FIG. 6 is a cross section of a light emitting diode package in accordance with a fifth embodiment of the disclosure.

FIG. 7 is a cross section of a light emitting diode package in accordance with a sixth embodiment of the disclosure.

FIG. 8 is a cross section of a light emitting diode package in accordance with a seventh embodiment of the disclosure.

FIG. 9 is a cross section of a light emitting diode package in accordance with an eighth embodiment of the disclosure.

DETAILED DESCRIPTION

Referring to FIG. 1, it shows a light emitting diode package 100 in accordance with a first embodiment of the disclosure. The light emitting diode package 100 includes a substrate 10, a light emitting diode chip 20, a voltage stabilization diode 30 such as a zener diode, and a lens 40, wherein the light emitting diode chip 20 and the voltage stabilization diode 30 are fixed on the substrate 10, and the lens 40 covers the light emitting diode chip 20 and the voltage stabilization diode 30.

FIG. 2 is a view similar to FIG. 1, with the lens 40 separating from the substrate 10 of the light emitting diode package 100. The substrate 10 is a silicon substrate which has high or low electrical resistance. The silicon substrate 10 with high electrical resistance has an electrical resistivity of about 1 to 30000 Ω/cm and can be doped with boron or phosphor.

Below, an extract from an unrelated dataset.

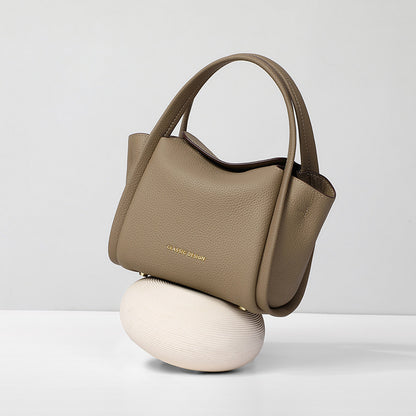 Bolsa Fiamma Tote Mini Song Bag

The silicon substrate 10 with low electrical resistance has an electrical resistivity of about 0.001 to 0.02 Ω/cm and can be doped with boron, phosphor, arsenic, or stibium. In the first embodiment, the silicon substrate 10 has high electrical resistance, including a first surface 11 and a second surface 12 opposite to the first surface 11. The first surface 11 of the silicon substrate 10 has a cavity 111 with a flat bottom 112. Width of the cavity 111 increases along a bottom-to-top direction from the bottom 112 to the first surface 11, so that the sidewall of the cavity 111 forms an inclined reflective wall 113. The angle between the bottom 112 of the cavity 111 and the inclined reflective wall 113 is obtuse, and the inclined reflective wall 113 further comprises a reflective layer thereon to increase reflective efficiency. A platform 114 on the sidewall of the cavity 111 is close to the first surface 11 of the silicon substrate 10, and the bottom of the platform 114 is parallel to the bottom 112 of the cavity 111. The bottom 112 of the cavity 111 defines a first wire bonding area 115 and a second wire bonding area 116, wherein the first wire bonding areal 115 and the second wire bonding area 116 are constructed by conductive materials, such as copper foil, indium titanium oxide, nickel, titanium, silver, aluminum, tin, gold or alloy.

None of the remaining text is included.